Start of Block
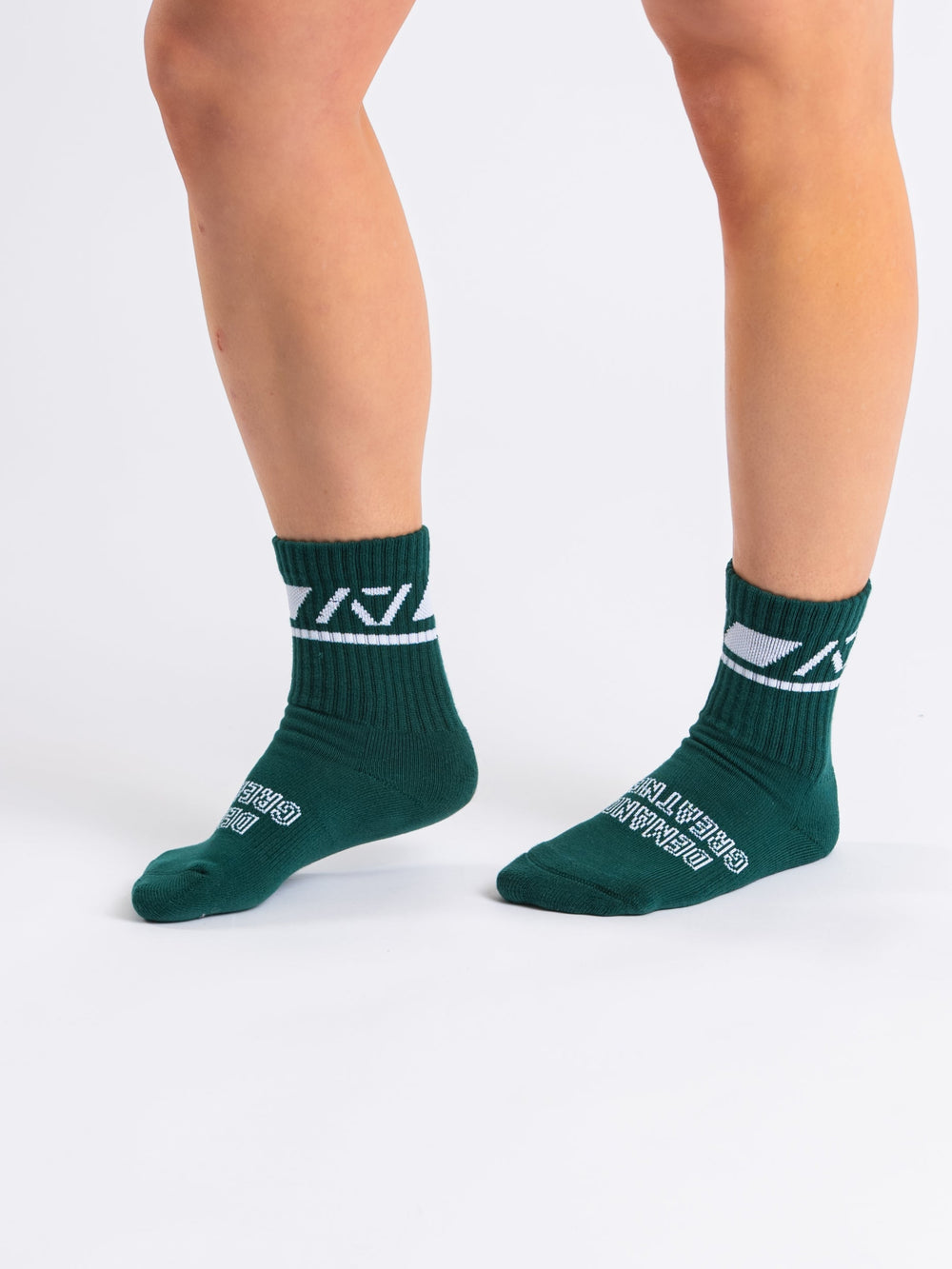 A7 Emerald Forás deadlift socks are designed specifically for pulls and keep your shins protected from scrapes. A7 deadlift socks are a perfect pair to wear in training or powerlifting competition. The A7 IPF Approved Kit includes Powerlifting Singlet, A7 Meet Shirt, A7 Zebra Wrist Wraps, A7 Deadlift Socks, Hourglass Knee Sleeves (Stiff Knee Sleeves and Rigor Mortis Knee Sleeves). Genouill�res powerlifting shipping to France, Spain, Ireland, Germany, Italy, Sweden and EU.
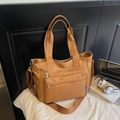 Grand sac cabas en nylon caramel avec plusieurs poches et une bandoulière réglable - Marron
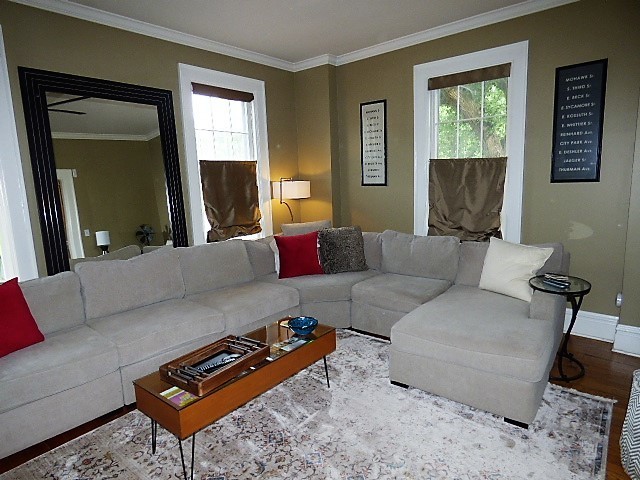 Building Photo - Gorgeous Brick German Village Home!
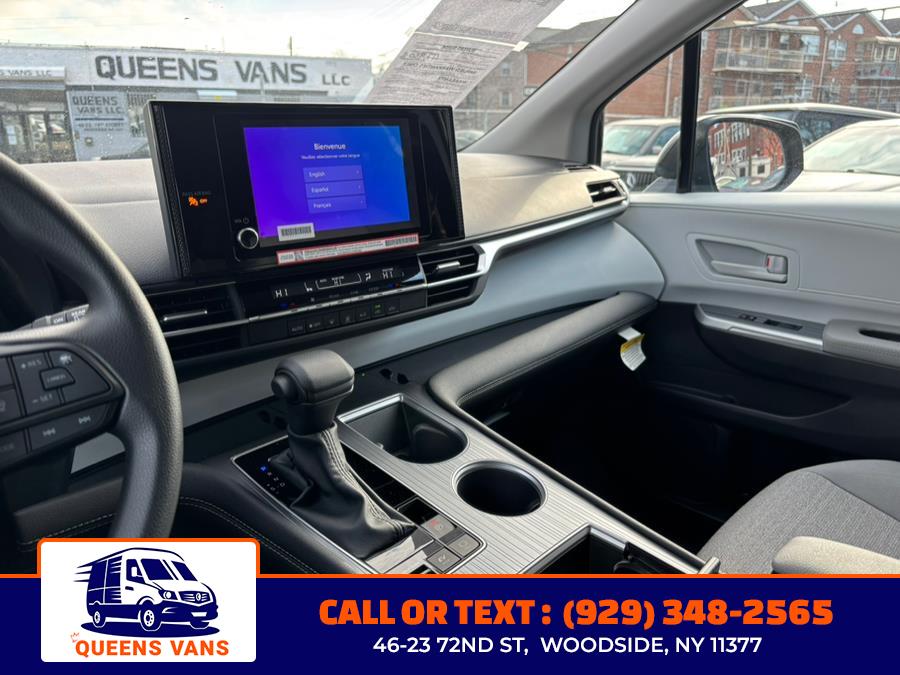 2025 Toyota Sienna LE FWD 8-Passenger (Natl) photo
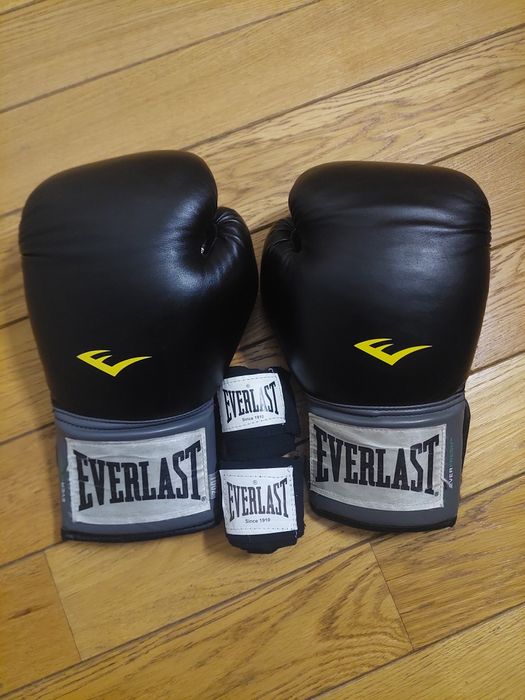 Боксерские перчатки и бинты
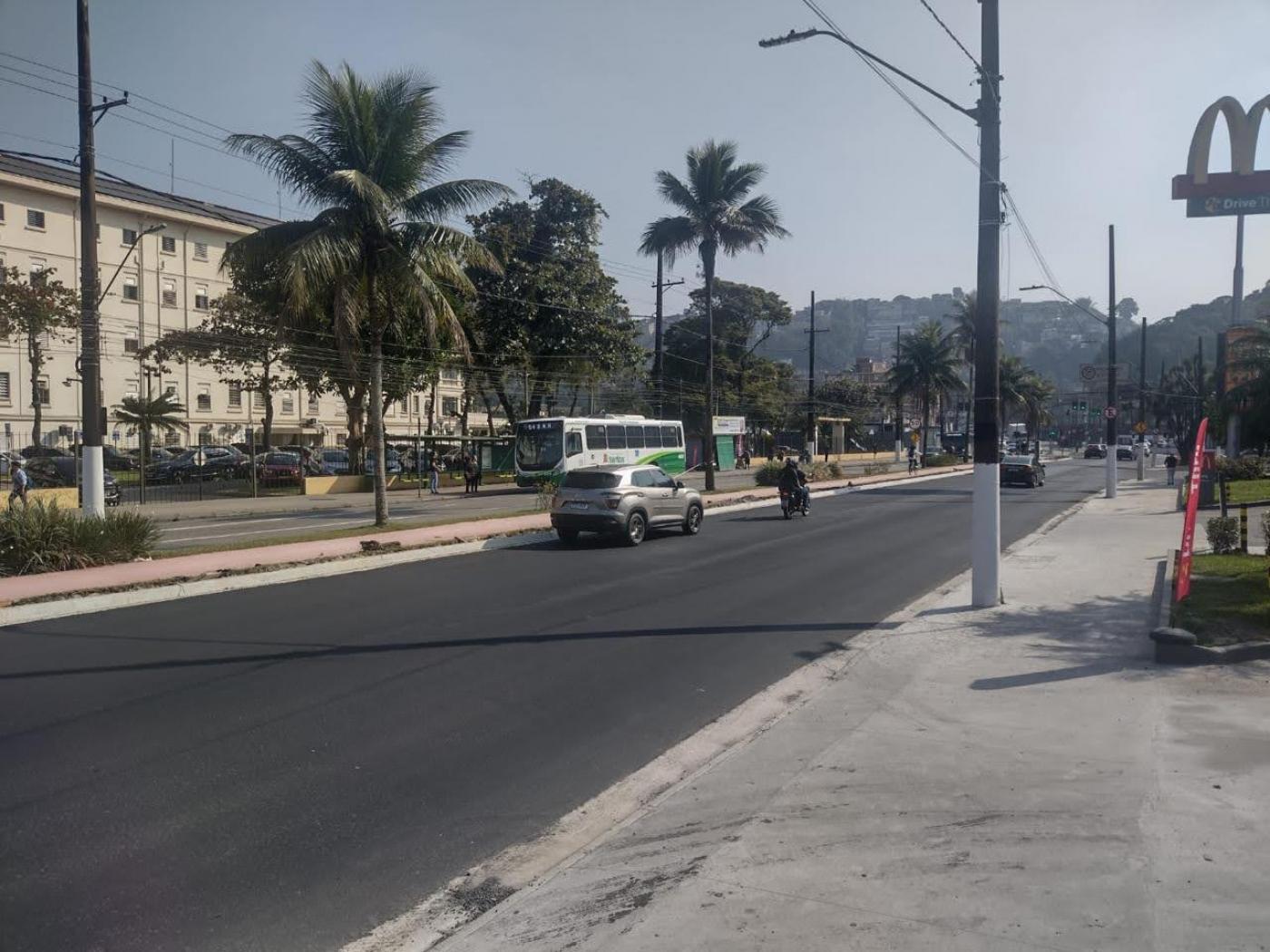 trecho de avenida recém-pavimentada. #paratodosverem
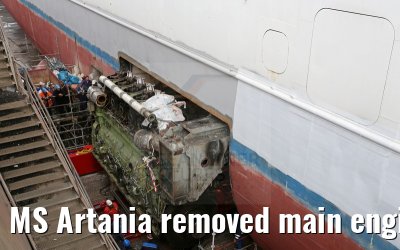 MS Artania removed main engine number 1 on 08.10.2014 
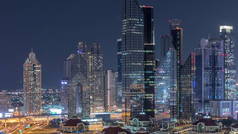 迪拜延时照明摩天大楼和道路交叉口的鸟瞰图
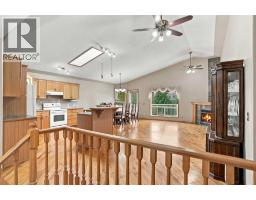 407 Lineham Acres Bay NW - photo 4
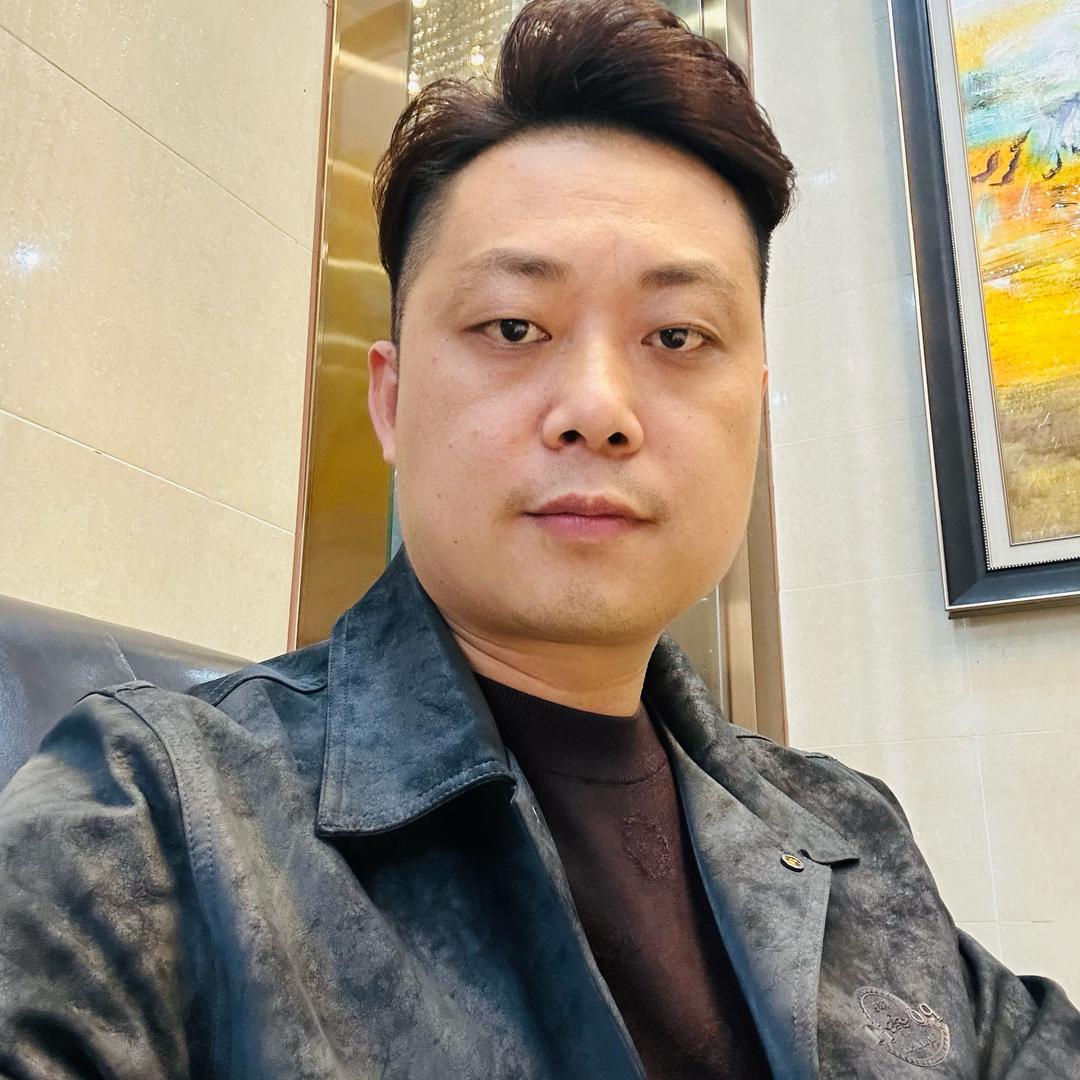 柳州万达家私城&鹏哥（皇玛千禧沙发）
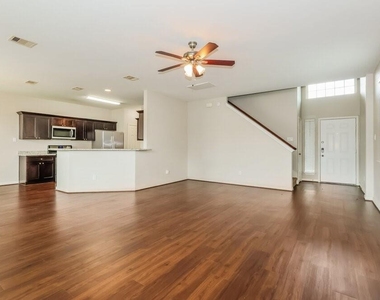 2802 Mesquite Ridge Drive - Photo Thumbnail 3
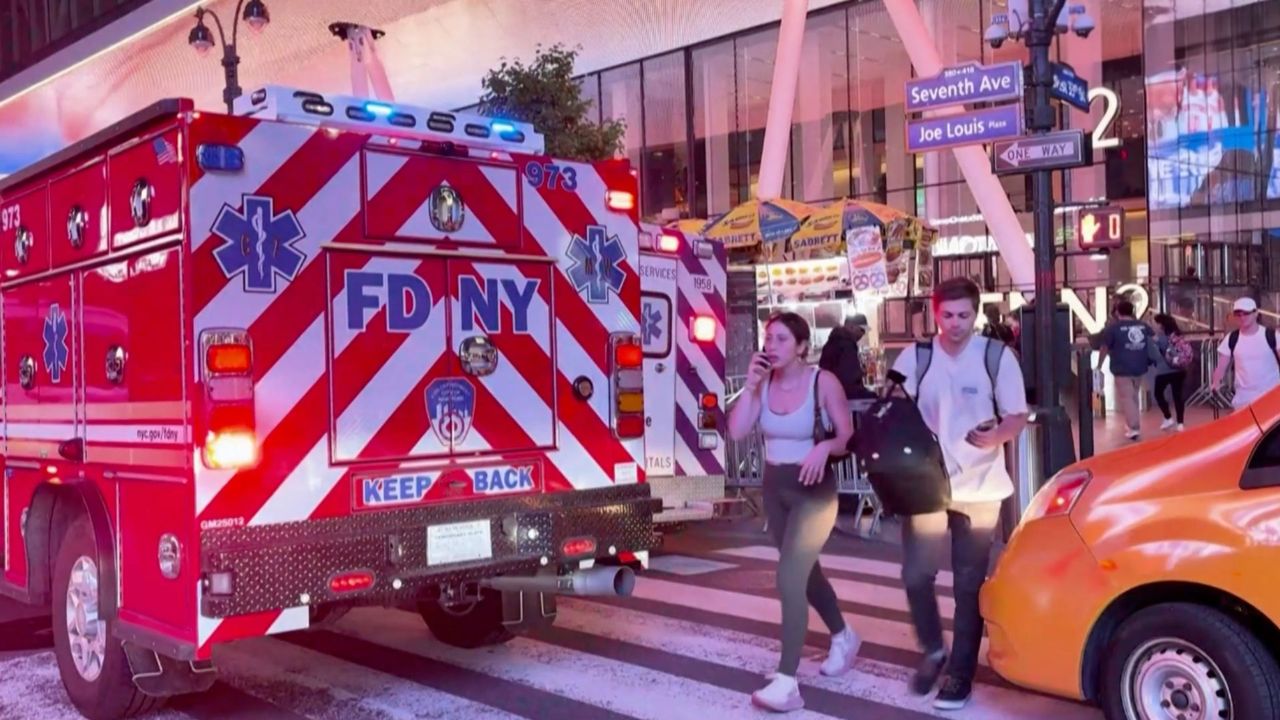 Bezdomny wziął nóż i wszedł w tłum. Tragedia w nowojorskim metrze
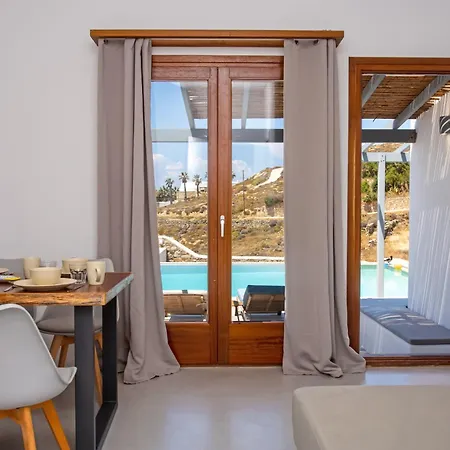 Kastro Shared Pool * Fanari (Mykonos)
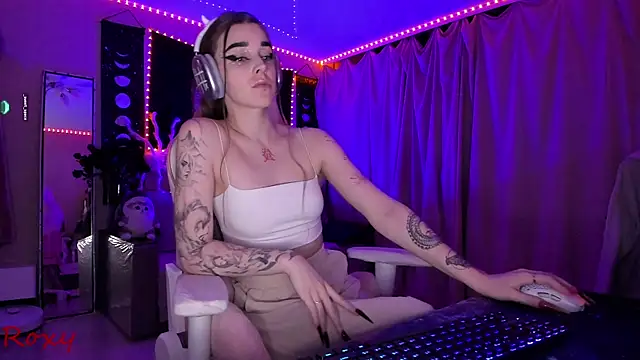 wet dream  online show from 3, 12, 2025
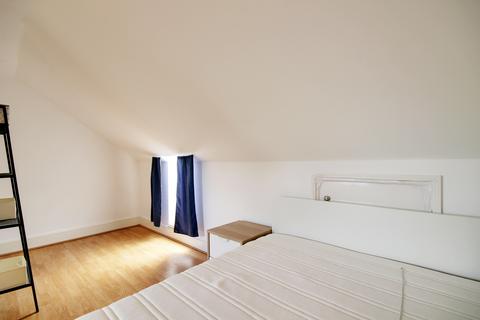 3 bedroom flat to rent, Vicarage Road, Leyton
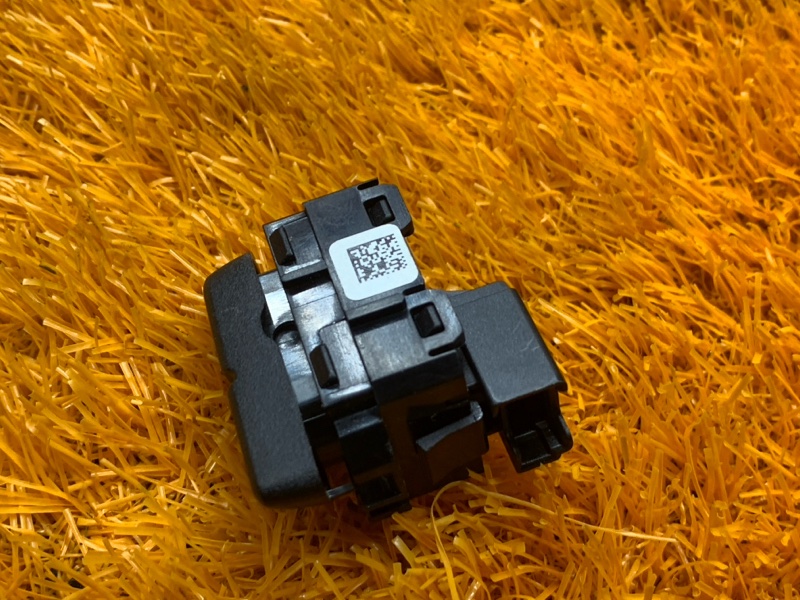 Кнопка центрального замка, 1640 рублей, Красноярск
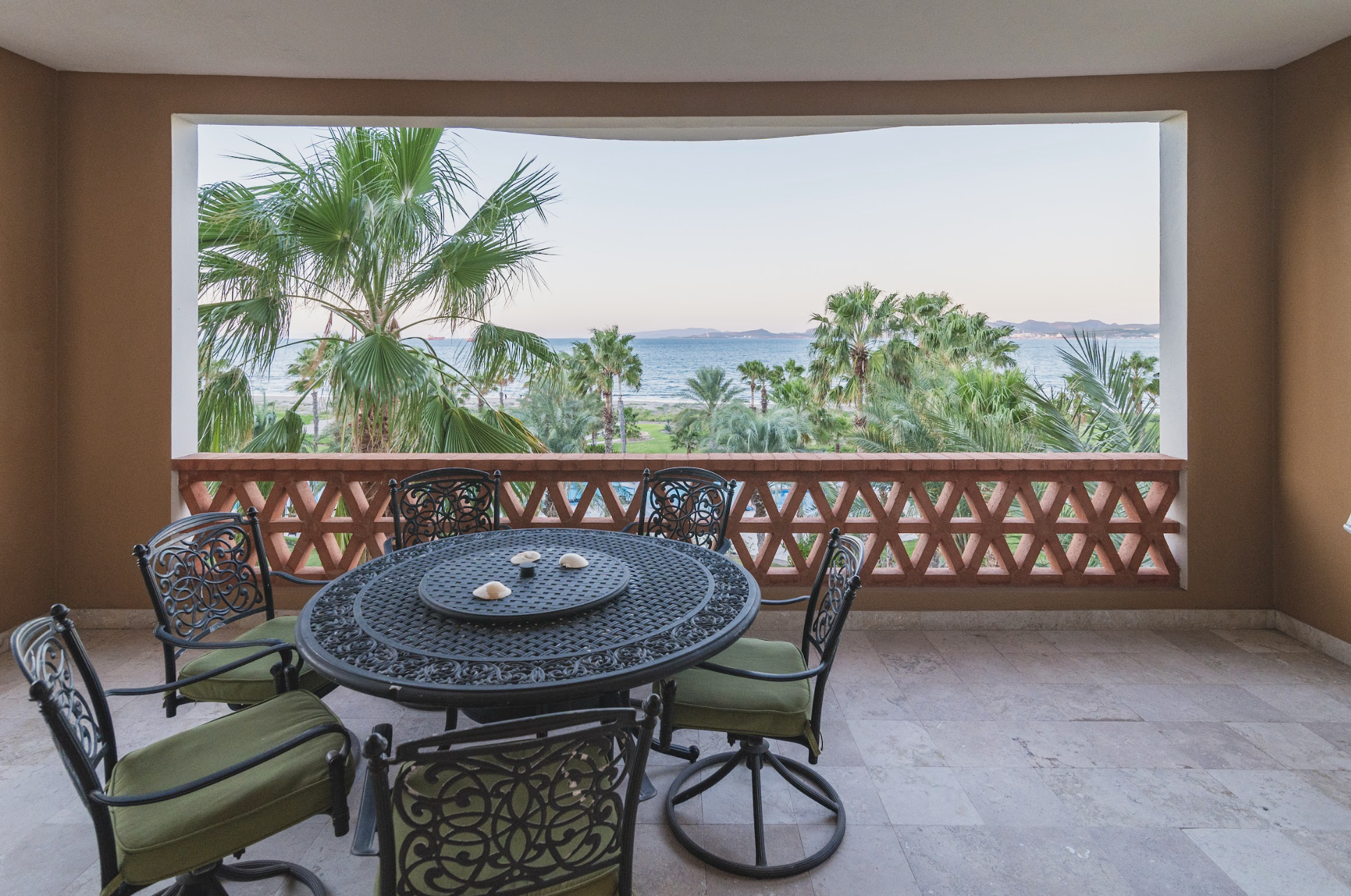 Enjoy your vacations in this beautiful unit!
End of Block
Problem requirements ▸ Every record, from top to bottom, gets written out exactly; no picture goes into the copy.

Answer box ▸
 A7 Emerald Forás deadlift socks are designed specifically for pulls and keep your shins protected from scrapes. A7 deadlift socks are a perfect pair to wear in training or powerlifting competition. The A7 IPF Approved Kit includes Powerlifting Singlet, A7 Meet Shirt, A7 Zebra Wrist Wraps, A7 Deadlift Socks, Hourglass Knee Sleeves (Stiff Knee Sleeves and Rigor Mortis Knee Sleeves). Genouill�res powerlifting shipping to France, Spain, Ireland, Germany, Italy, Sweden and EU.
 Grand sac cabas en nylon caramel avec plusieurs poches et une bandoulière réglable - Marron
 Building Photo - Gorgeous Brick German Village Home!
 2025 Toyota Sienna LE FWD 8-Passenger (Natl) photo
 Боксерские перчатки и бинты
 trecho de avenida recém-pavimentada. #paratodosverem
 MS Artania removed main engine number 1 on 08.10.2014 
 迪拜延时照明摩天大楼和道路交叉口的鸟瞰图
 407 Lineham Acres Bay NW - photo 4
 柳州万达家私城&鹏哥（皇玛千禧沙发）
 2802 Mesquite Ridge Drive - Photo Thumbnail 3
 Bezdomny wziął nóż i wszedł w tłum. Tragedia w nowojorskim metrze
 Kastro Shared Pool * Fanari (Mykonos)
 wet dream  online show from 3, 12, 2025
 3 bedroom flat to rent, Vicarage Road, Leyton
 Кнопка центрального замка, 1640 рублей, Красноярск
 Enjoy your vacations in this beautiful unit!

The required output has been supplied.